• **ACTIVITY**: Below is a listing; restate from it, character for character, the lines beginning at the line holding "Superbe Appartement Avec" and ending at the line holding "View on the", both included.

• **SOURCE MATERIAL**:
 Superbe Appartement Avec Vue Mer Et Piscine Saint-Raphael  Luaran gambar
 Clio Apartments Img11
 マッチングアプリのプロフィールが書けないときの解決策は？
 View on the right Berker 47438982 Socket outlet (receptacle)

---

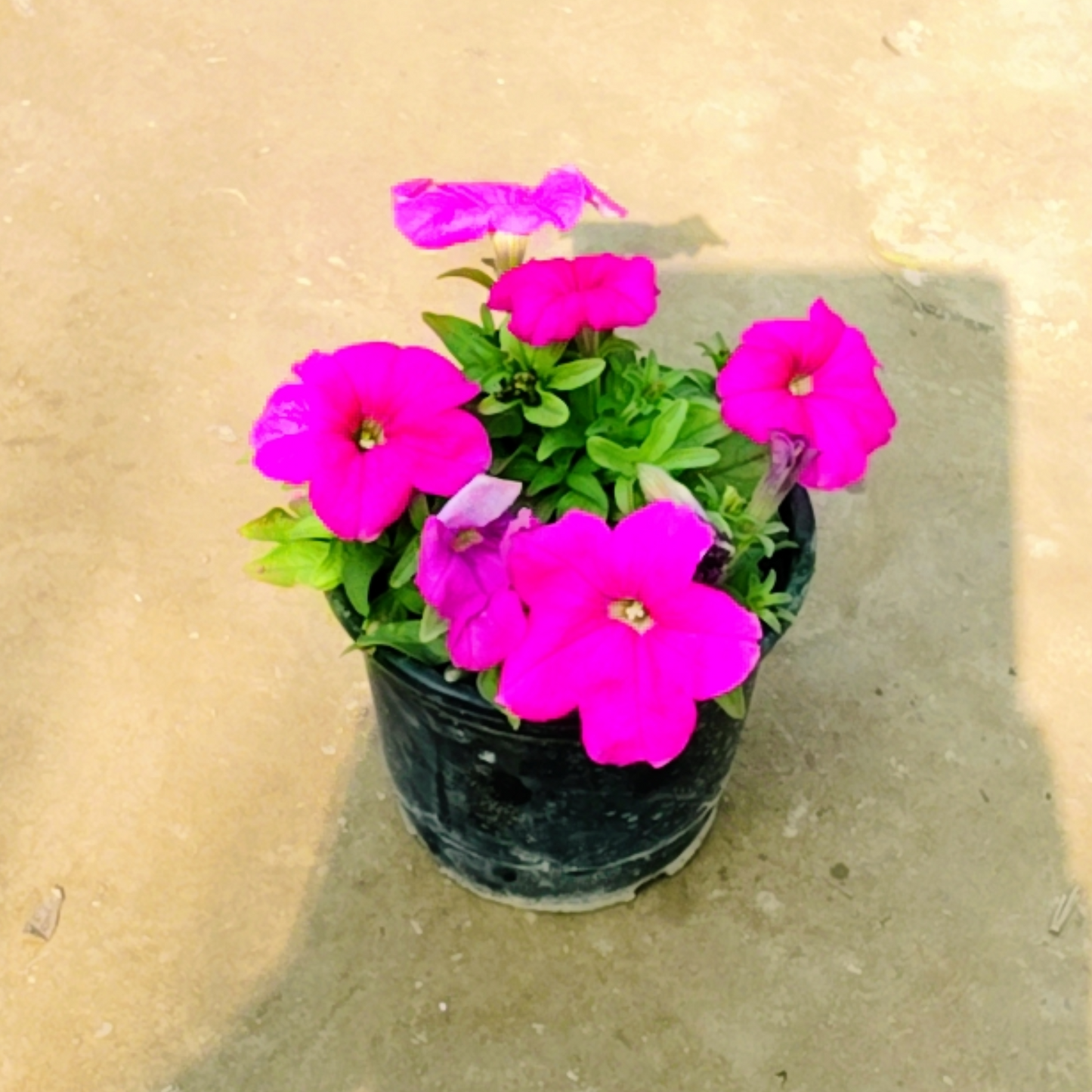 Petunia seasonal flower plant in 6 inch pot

• **SOLUTION TO THIS PROBLEM**:
 Superbe Appartement Avec Vue Mer Et Piscine Saint-Raphael  Luaran gambar
 Clio Apartments Img11
 マッチングアプリのプロフィールが書けないときの解決策は？
 View on the right Berker 47438982 Socket outlet (receptacle)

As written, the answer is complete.